The company, recently acquired through a combination of private equity and debt, was seeing poor performance with its licensed brands / private label business and experiencing significant margin pressures from “big box” retailers. With its working capital financing facility in an overdrawn position and a threat of default, we were engaged by the Senior lender to review opportunities for performance improvements, (including the rationalization of brands) and recommend restructuring alternatives that ultimately drove negotiations toward restructuring the business.

4. A $300 million publicly traded (debt) specialty foods retailer / franchisor.

Highly dependent on mall traffic, this well known specialty foods retailer was experiencing a decline in sales, profitability and cash flow. In technical default with its senior lenders, we were engaged to evaluate management capabilities as well as management’s proposed restructuring plan.
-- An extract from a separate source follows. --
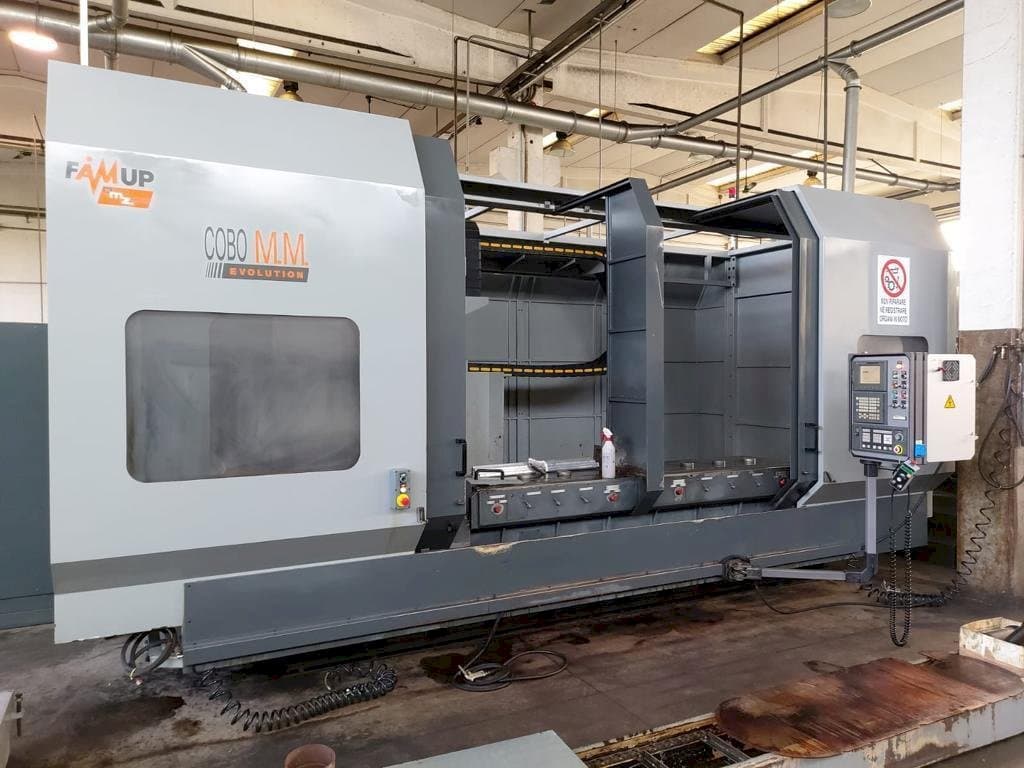 Vista Frontal  da FAMUP COBO 3000  máquina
5. A publicly held manufacturer of interference mitigation equipment targeting the wireless telephone industry.

A company brought public prematurely; this business was experiencing product quality problems as well as underperformance in its top line growth. We were engaged to assist the company in developing a business plan to drive future growth. This included an assessment of the company’s target markets and size of those markets, its current product offering and market potential for those products, and an evaluation of internal capabilities (manufacturing, marketing, sales) and future needs (manpower, capital).

6. A $400 million plastics injection molding company.

Forced into involuntary bankruptcy by creditors, we were engaged as interim management to develop and implement a restructuring plan that ultimately led to this company confirming a plan of reorganization and emerging from bankruptcy. Work included an assessment and reorganization of management; rationalization of customers, product lines, and manufacturing facilities; negotiation with creditors and ultimately development and confirmation of the plan with the bankruptcy court.

7. A recently acquired, $100 million privately held manufacturer of vitamin and mineral supplements.

Due to the loss of its largest customer, this highly leveraged company could no longer service its debt. Engaged by the mezzanine lenders, we were asked to rationalize this business and confirm a strategy to restructure the company outside of bankruptcy. A detailed assessment of the business and its future performance capability drove negotiations with equity holders and senior lenders to an ultimate consensual restructuring of this business.